Mathematical Philosophy of Big Data
Currently, data in every shape and form is being captured and recorded. Through data emission, a big data system can record and track a user’s every move (such as clicking records, browsing times and comments). It can also record data sent from sensors such as temperature humidity, speed, pressure and the list goes on. Data shows the present world help to push the boundaries, predict the future and analyze incidences.
Regarded by some, the big data era is a total different world and the attributes and rules of anything can be transferred using appropriate code (digital medium) to other homogeneous things, where the attributes and rules are expressed without loss. In this regard, this school of thought believes that [1] big data is the equivalent of the world and they are isomorphic to each other (see Figure 1).
Figure 1 Mathematical philosophy of big data— homogeneous relationship
By quantizing everything, big data converts the whole world into data. This will probably change the way we see and understand the world, bringing us a brand new world view based on big data. So in other words, big data help us to get a bigger picture of the world.

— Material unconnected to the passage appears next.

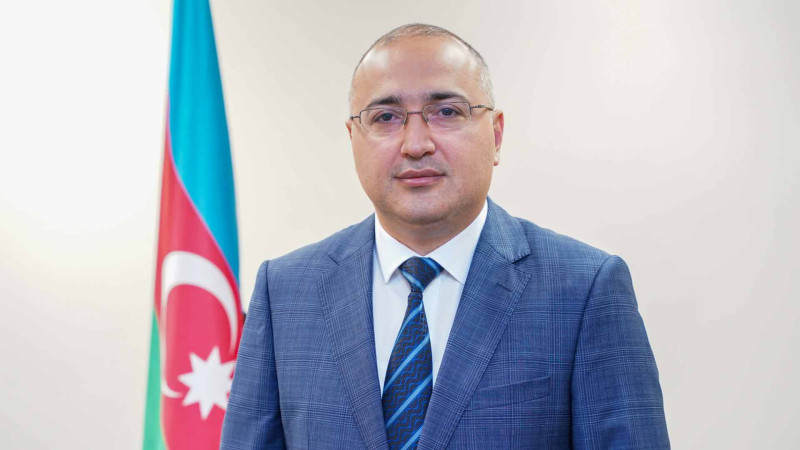 Masallıdan olan Araz Nəsirova TƏBİB-də vəzifə verilib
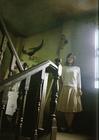 写真 #560：堀北真希 Maki Horikita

Undoubtedly, big data is a precious resource and a powerful tool. However, it would be idealistic to deem big data homogeneous and wholly representative of the world. Big data tells us information, but instead of interpreting it big data directs people to understand it. If we misuse data, we may misunderstand it. Big data has its bright side, but it also has a dark side.
2. Plato's "Allegory of the Cave"
The famous ancient Greek philosopher Plato wrote the "Allegory of the Cave" which appeared in Chapter 7 of his Utopia [2].

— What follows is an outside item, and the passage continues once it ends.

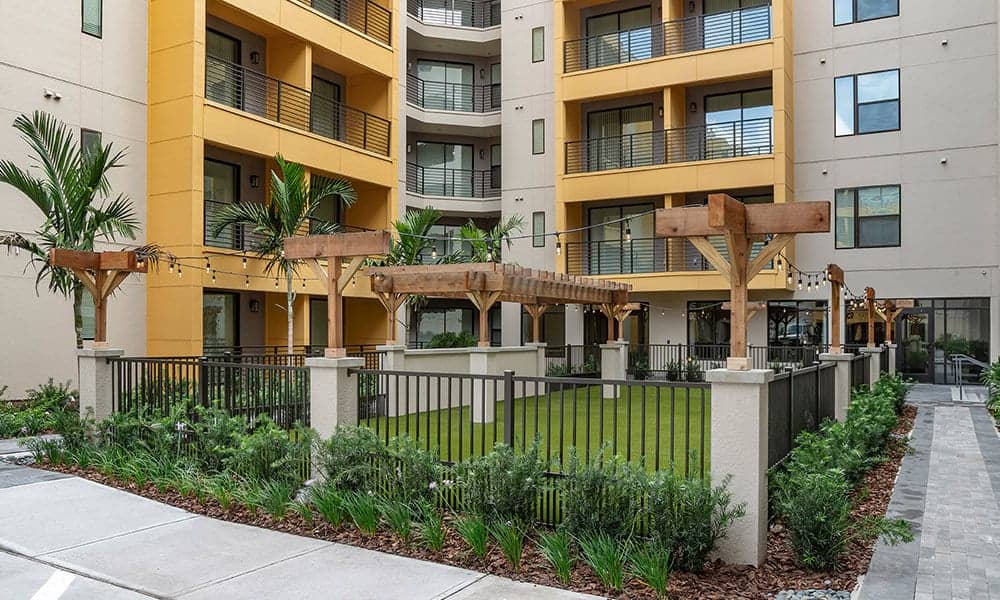 Cortland on Orange photo 38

The allegory asks readers to imagine that there is a very deep cave which holds prisoners who have been living in the cave since birth and who are chained so that they cannot mover their legs, arms and heads. They are chained facing a wall, and behind them is a fire. Between them and the fire is a walkway where people walk carrying objects and puppets to create shadows on the only wall that the prisoners can see. Because these shadows are the only things that the prisoners can see in the cave, they grow up believing that the shadows are in fact real. These shadows would become part of their only reality. (See Figure 2.)
Figure 2 Plato's "Allegory of the Cave" (Picture source: Wikipedia; created by: Markus Maurer)
Using the prisoners’ perceived reality as the main metaphor, Plato created this allegory to illustrate the effects one’s surroundings has on their perception of the world.
In the same light, we, limited by available measurement and learning means, can only sense one or several aspects of a certain object, just like the prisoners in Plato's allegory. Limited by the chains, they can only face the wall in front of them, which makes them believe that the shadows they sense (2-dimensional) are the true world (3-dimensional). If the shadows are converted into data, then our data may fail to show us the full picture regardless of what technology is used and how much data is collected. This is one of the biggest data-traps out there.
A world without adequate dimensions is a false world. In the same light, a fact without adequate data to back it up is a false fact. The worst case scenario here is that these may create a negative situation where each person possessing inadequate data becomes obstinate, leading to mutually exclusive data traps.
Surely more data helps you get closer to the truth, Right?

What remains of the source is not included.